* [EXERCISE]
Keep the pictures out while you transcribe the listing below exactly.

* [DATA BLOCK]
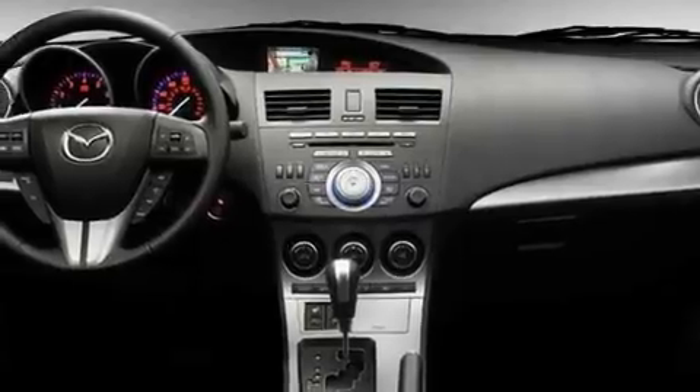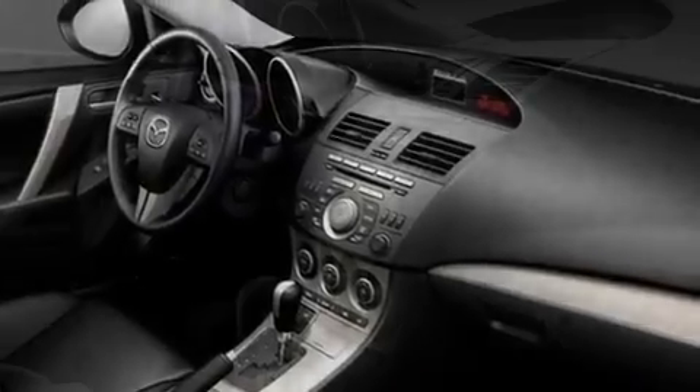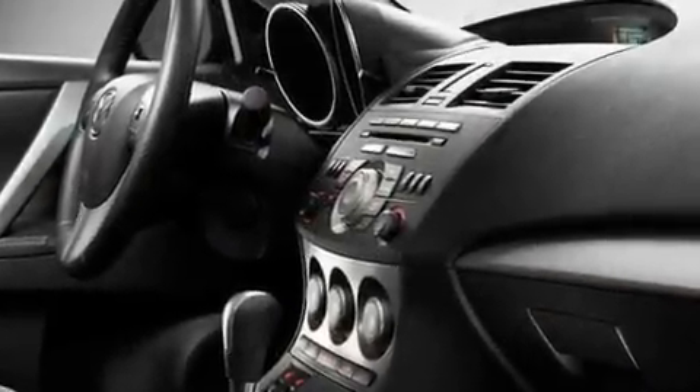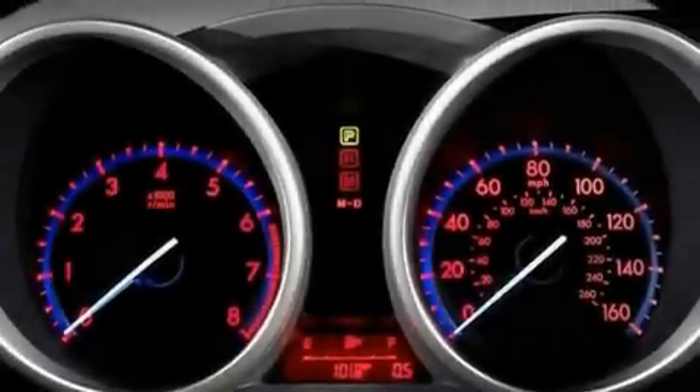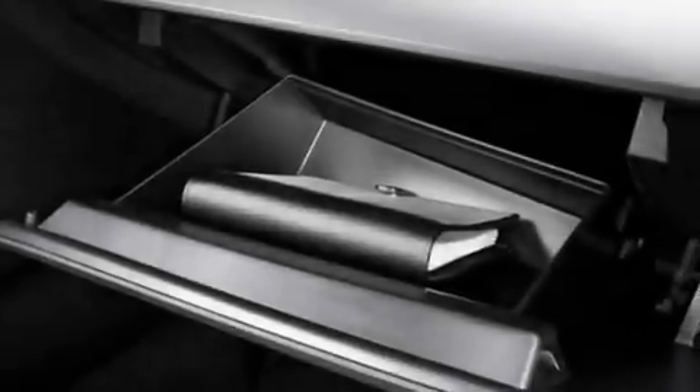Its top features include heater vents for rear-seated passengers, cruise control, steering wheel mounted stereo controls, commercial-free satellite radio, performance tires, variable valve timing, a passenger side vanity mirror, a low tire pressure indicator, a rear window defroster, and an anti-theft protection system.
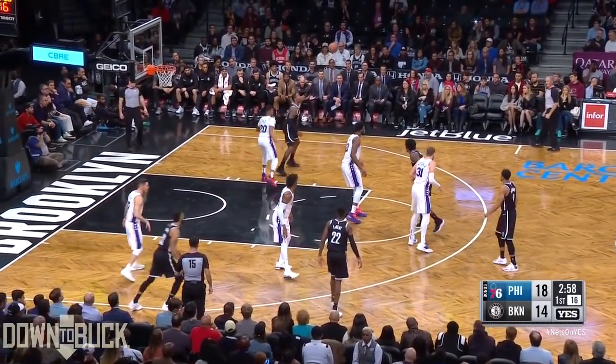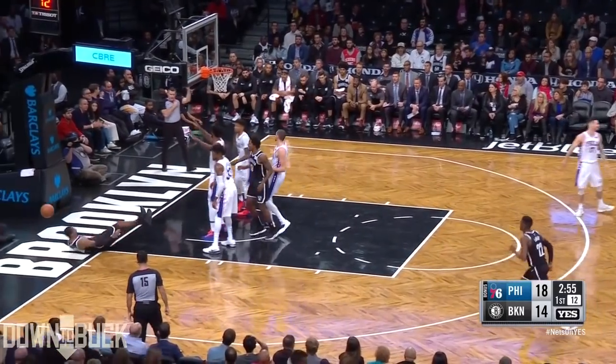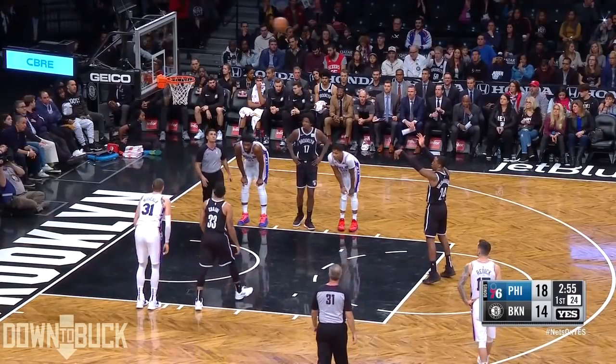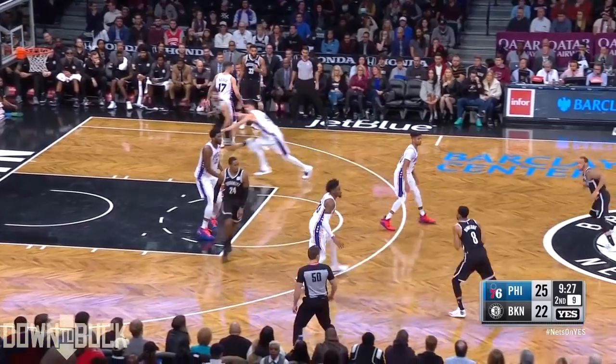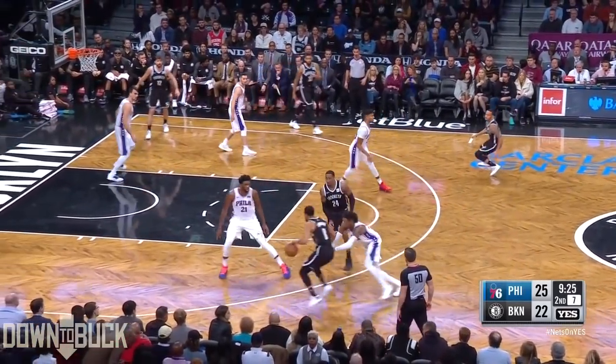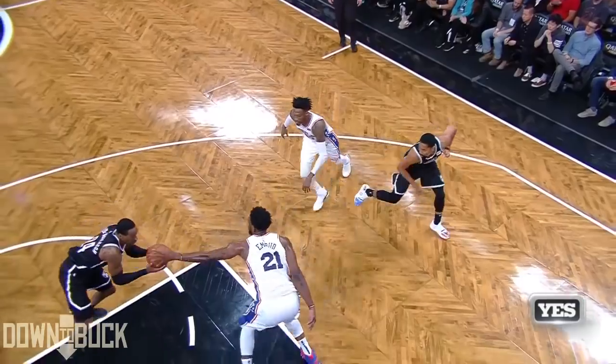Defensive trip just then. Here's Hollis Jefferson with size on Foltz. Cuts inside of him and then gets fouled on the help from Embiid. They'll call Foltz from behind with the push, and Hollis Jefferson is going to shoot too. Hollis Jefferson soars in, lays it home, plus the foul.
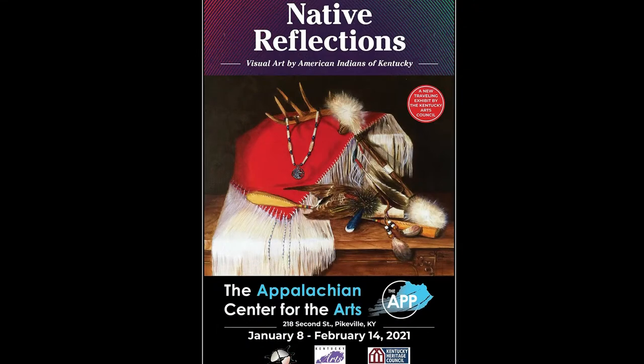It's a terrific exhibit — Native Reflections. It's all art that is painted, carved, or whatever the medium, by Native Americans from Kentucky and what's called 'Native Inspired,' which is a legal term meaning you have Native American ancestry but you're not an enrolled tribe member. There's a Native American Heritage Commission of Kentucky, and they curated it with the Kentucky Arts Council and the Heritage Council of the state. The artists are all from Kentucky and they're all Native.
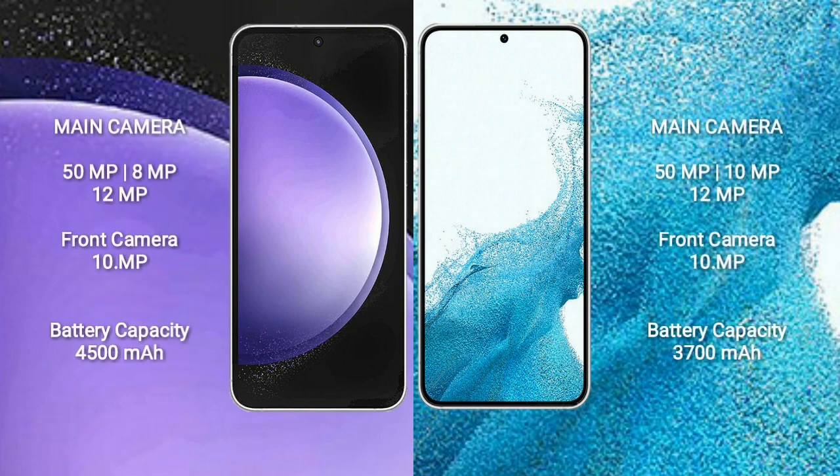Samsung Galaxy S23 FE features a triple rear camera setup of 50MP plus 8MP plus 12MP and a front camera of 10MP. Samsung Galaxy S22 features a triple rear camera setup of 50MP plus 10MP plus 12MP and a front camera of 10MP.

* [RESPONSE BOX]
Its top features include heater vents for rear-seated passengers, cruise control, steering wheel mounted stereo controls, commercial-free satellite radio, performance tires, variable valve timing, a passenger side vanity mirror, a low tire pressure indicator, a rear window defroster, and an anti-theft protection system.
Defensive trip just then. Here's Hollis Jefferson with size on Foltz. Cuts inside of him and then gets fouled on the help from Embiid. They'll call Foltz from behind with the push, and Hollis Jefferson is going to shoot too. Hollis Jefferson soars in, lays it home, plus the foul.
It's a terrific exhibit — Native Reflections. It's all art that is painted, carved, or whatever the medium, by Native Americans from Kentucky and what's called 'Native Inspired,' which is a legal term meaning you have Native American ancestry but you're not an enrolled tribe member. There's a Native American Heritage Commission of Kentucky, and they curated it with the Kentucky Arts Council and the Heritage Council of the state. The artists are all from Kentucky and they're all Native.
Samsung Galaxy S23 FE features a triple rear camera setup of 50MP plus 8MP plus 12MP and a front camera of 10MP. Samsung Galaxy S22 features a triple rear camera setup of 50MP plus 10MP plus 12MP and a front camera of 10MP.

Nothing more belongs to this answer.